上記のようにして金属成形体に直線からなる溝を形成した後、下記の方法でインサート成形して、比較例1の複合成形体を得た。
【0040】
比較例2
図5に示す金属成形体(アルミニウム:A5052)の接合面12に対して、表1に示す条件でレーザー照射して、
図7に示すような状態の複数回折れ曲がった直線からなる溝を形成した。なお、レーザー発振器はファイバーレーザー(IPG製 YLP-1-50-30-30RA)を使用した。
上記のようにして金属成形体に直線からなる溝を形成した後、下記の方法でインサート成形して、比較例2の複合成形体を得た。
【0041】
<インサート成形(射出成形)>
樹脂:GF60%強化PA66樹脂(プラストロンPA66−GF60−01(L7):ダイセルポリマー(
株)製),ガラス繊維の繊維長:11mm
樹脂温度:320℃
金型温度:100℃
射出成形機:ファナック社製FANUC ROBOSHOT S2000i-100B
【0042】
〔引張試験〕
実施例1、比較例1、2の複合成形体を用い、引張試験を行って接合強度を評価した。結果を表1に示す。
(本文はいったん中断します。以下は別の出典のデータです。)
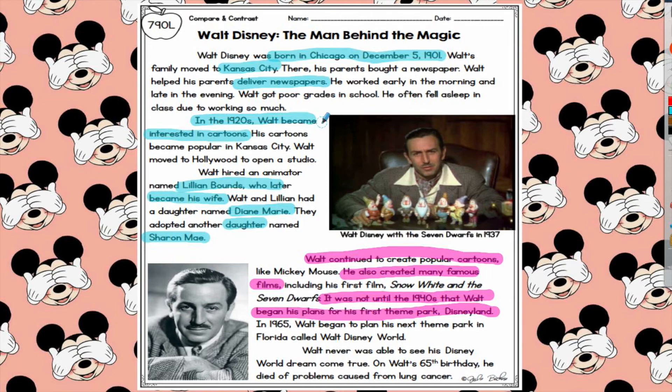The last key detail I found in this text that was different from the first text is at the very end — it talks about how he was never able to see his Disney World dream come true because on his 65th birthday he died. Now that I've pointed out all these important details from both texts, it's time to use this information and fill out my Venn diagram.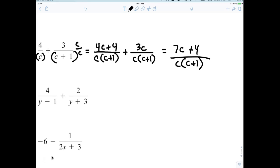The last thing you're going to do is look at the numerator. You always are trying to check to see if you can factor and reduce. That's why I left the denominator in factored form — I'm looking to see if I can simplify. Can I factor 7C plus 4? No. So that is the final answer: 7C plus 4 over C(C plus 1).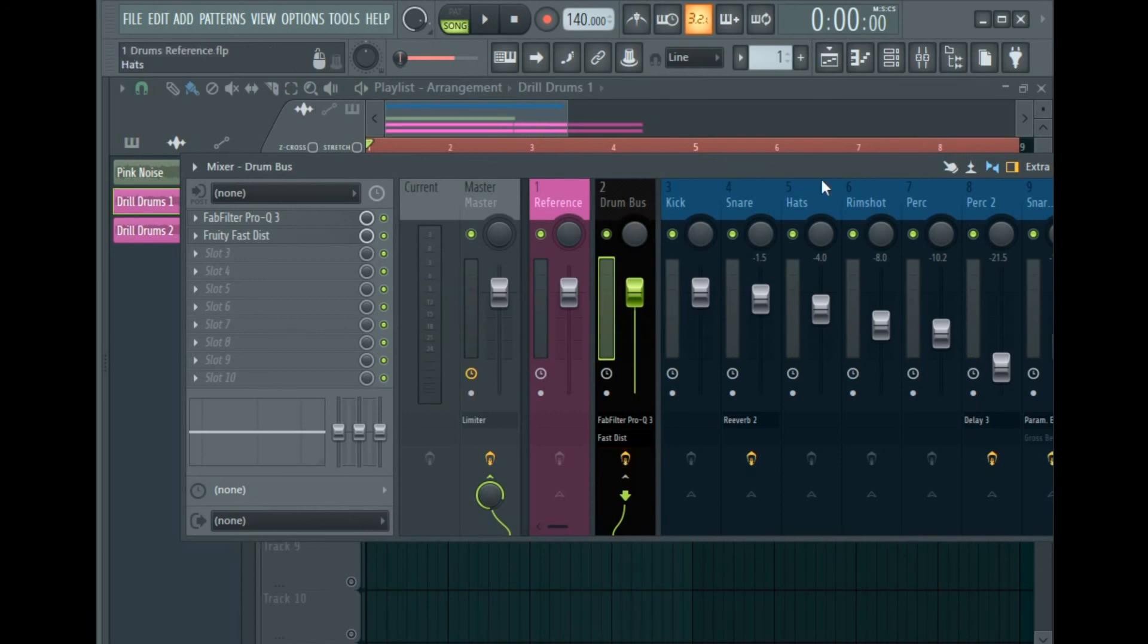So if you don't have Tonal Balance Control but you have FabFilter Pro-Q 3, I created some references you can use to instantly level your drums in FL Studio. The download link is down below in the description.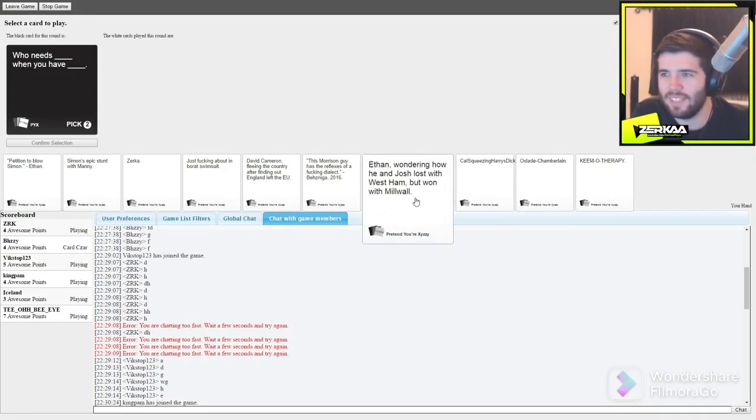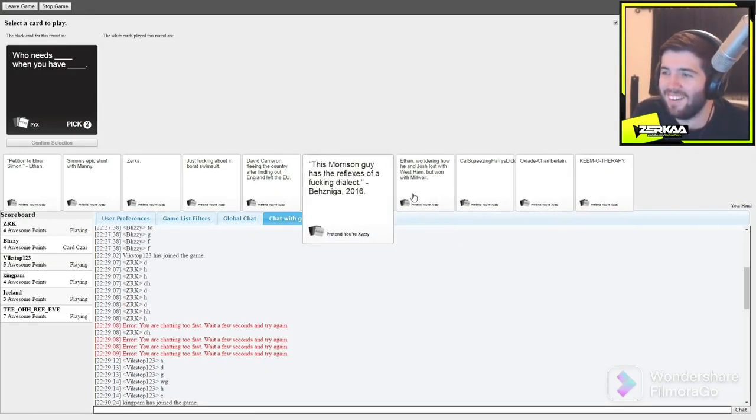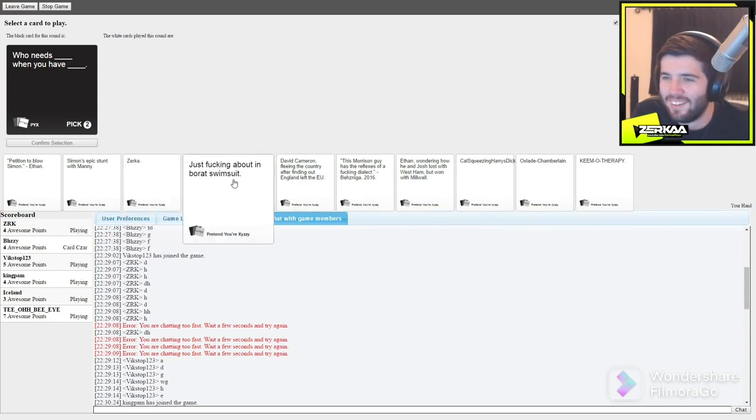Who needs blank, when you have blank? You think about that? That is cringe!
なお、複合成形体の樹脂成形体中のガラス繊維の繊維長(重量平均繊維長)は0.85mmであった。平均繊維長は、成形品から約3gの試料を切出し、650℃で加熱・灰化させてガラス繊維を取り出した。取り出した繊維の一部(500本)から重量平均繊維長を求めた。計算式は、特開2006−274061号公報の〔0044〕、〔0045〕を使用した。
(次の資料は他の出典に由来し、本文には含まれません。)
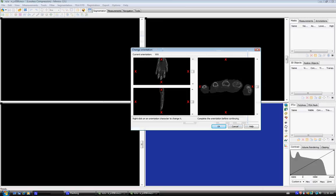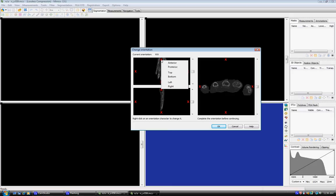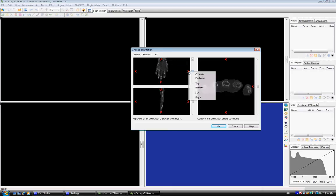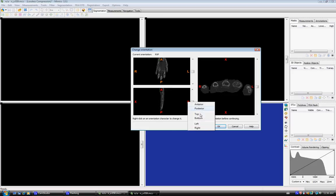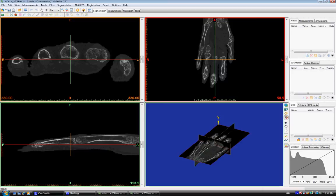Just before we put it into Mimics, we have to specify what directions the scans are in. This one is anterior, this is left, and this is top. Then click OK. And there we go, the images are in Mimics.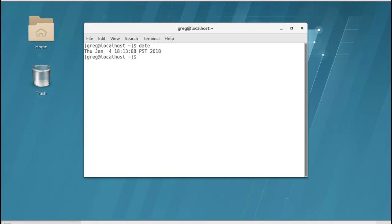We're going to run a command with an argument. So using the argument that's going to be with a plus percentage R. And then that gives us the date in a different format.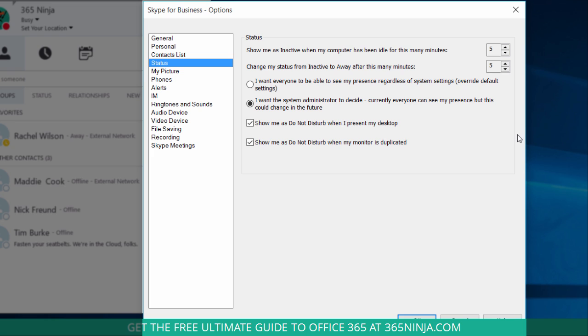You have the ability to change the minutes for your status showing you as inactive. So maybe I actually want to say wait for 10 minutes before you show me as inactive or idle, and maybe I want to change that interval for inactive to away also. Basically this is showing that if you're away from your computer for a certain amount of minutes, your status automatically changes to inactive. And if you're inactive for a certain number of minutes, your status automatically changes to away.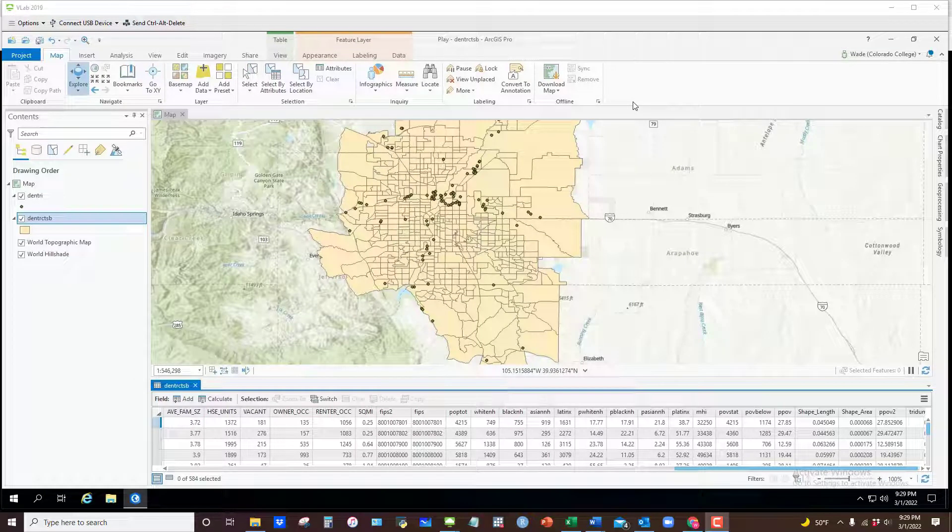In this video I want to show you how we can get data that we have compiled in ArcGIS Pro out and available to other software programs.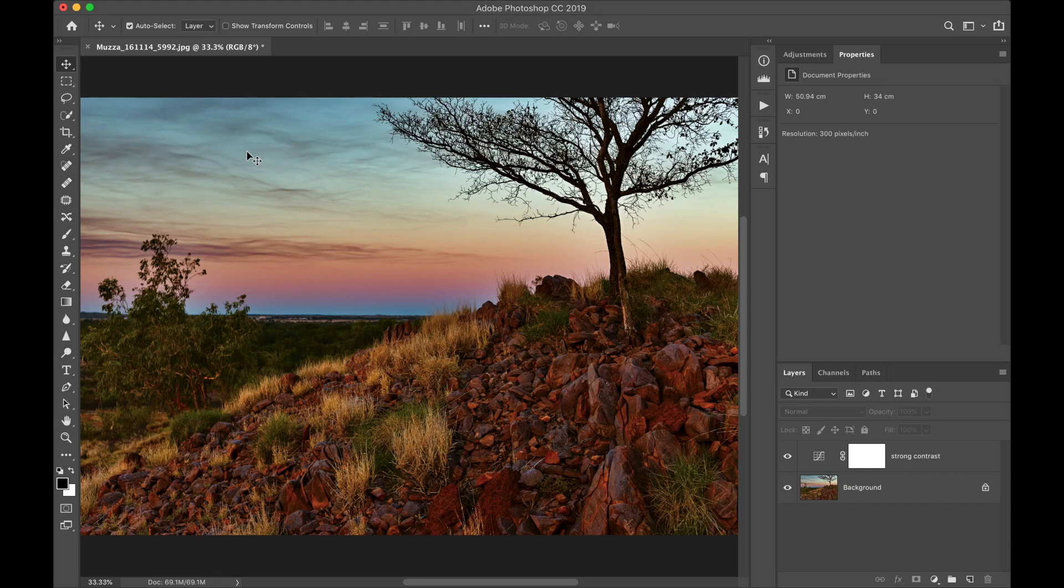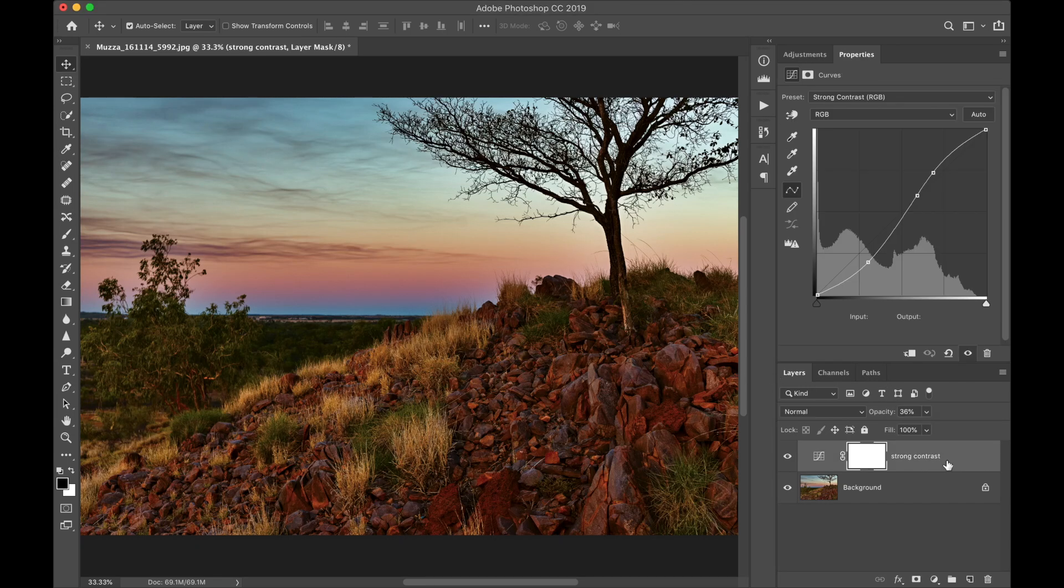Have you ever applied an adjustment layer to Photoshop and just think, wow, that's just a bit too much.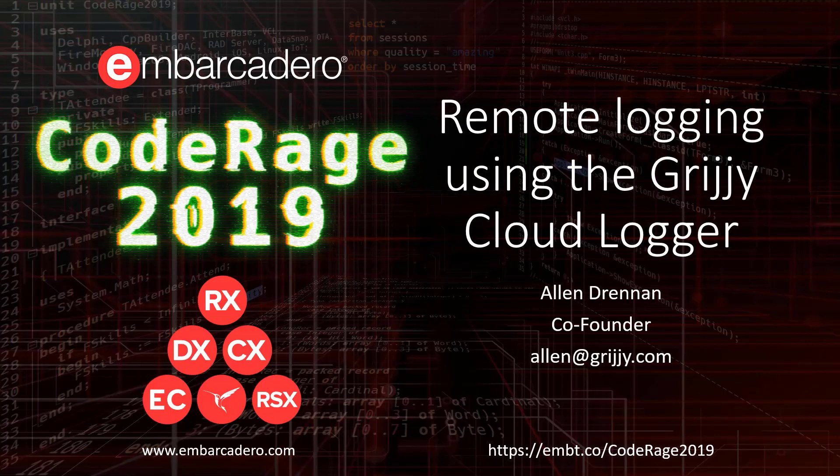Today, I'd like to tell you about the Grijjy Cloud Logger, a free tool that the Grijjy team offers to Delphi engineers everywhere.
引張試験は、金属成形体側を固定した状態で、金属成形体と樹脂成形体が破断するまで
図8に示すX1方向に引っ張った場合の最大荷重を測定した。
<引張試験条件>
試験機:オリエンテック社製テンシロン(UCT−1T)
引張速度:5mm/min
チャック間距離:50mm
【0043】
【表1】
【0044】
実施例1は、比較例1、2と比べると1スキャンの照射距離が短いため、熱の拡散が抑制されることから、1スキャン当たりの溝深さを大きくすることができた。
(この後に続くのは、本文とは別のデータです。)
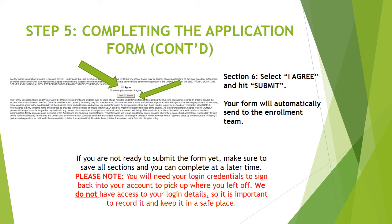It is important to note that you will need your login credentials to sign back in to your account to pick up where you left off. The enrollment team does not have access to your login details, so it is important to record them and keep them in a safe place.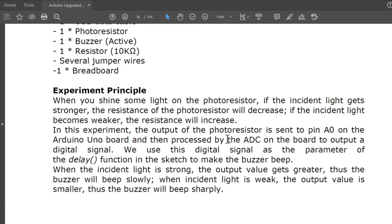Experimental principle: when you shine some light on the photoresistor, if the incident light gets stronger, the resistance of the photoresistor will decrease. If the incident light becomes weaker, the resistance will increase. The output of the photoresistor is sent to pin A0 (analog input zero) on the Arduino Uno board and then processed by the ADC on the board to output a digital signal.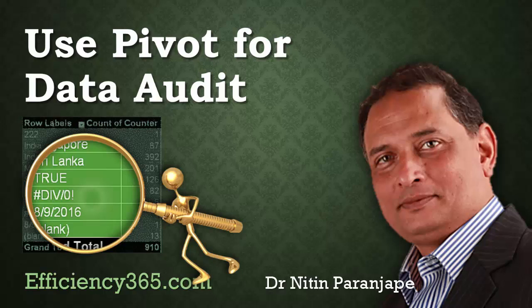Now, before we dive into pivot table, there is one more thing to be checked and that is, is the data consistent in each column?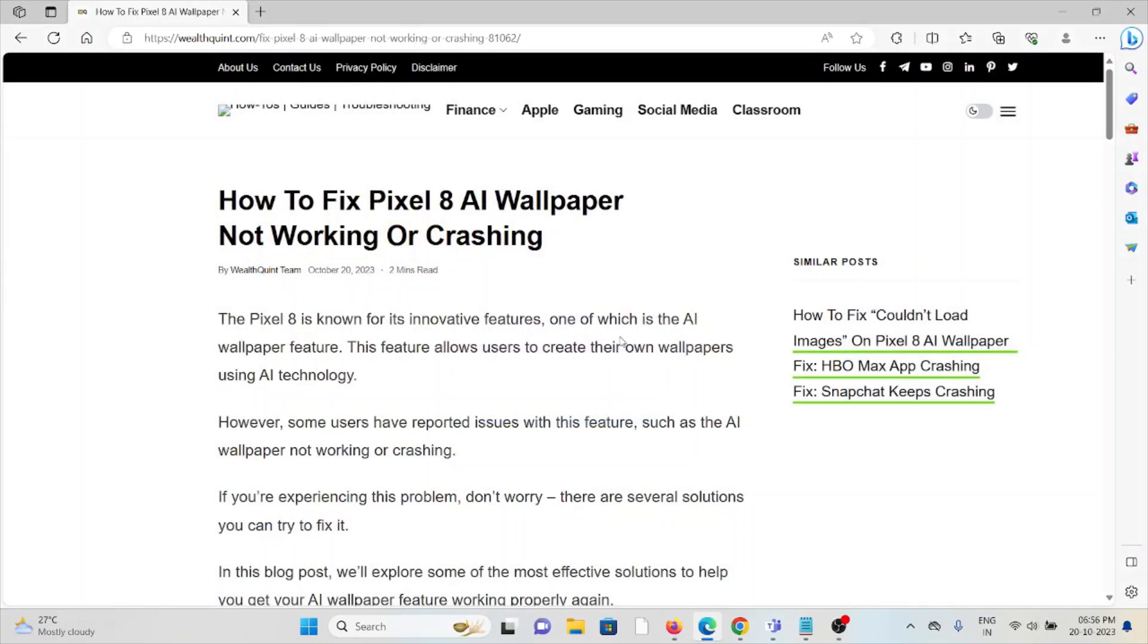Hi! Let's see how to fix the Pixel 8 AI wallpaper not working or crashing. The Pixel 8 is known for innovative features, one of which is the AI wallpaper feature. This feature allows users to create their own wallpapers using AI technology.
このため、実施例1と比較例1を比べると、実施例1は合計スキャン時間を短くでき、比較例1よりも高い接合強度の複合成形体が得られたことが確認できる。
また実施例1と比較例2を比べると、同じ合計スキャン時間であるときには、3倍以上高い接合強度の複合成形体が得られたことが確認できる。
よって、本発明の製造方法を適用することで、レーザー加工の効率(時間当たりの加工量)を大きく向上させることができるようになる。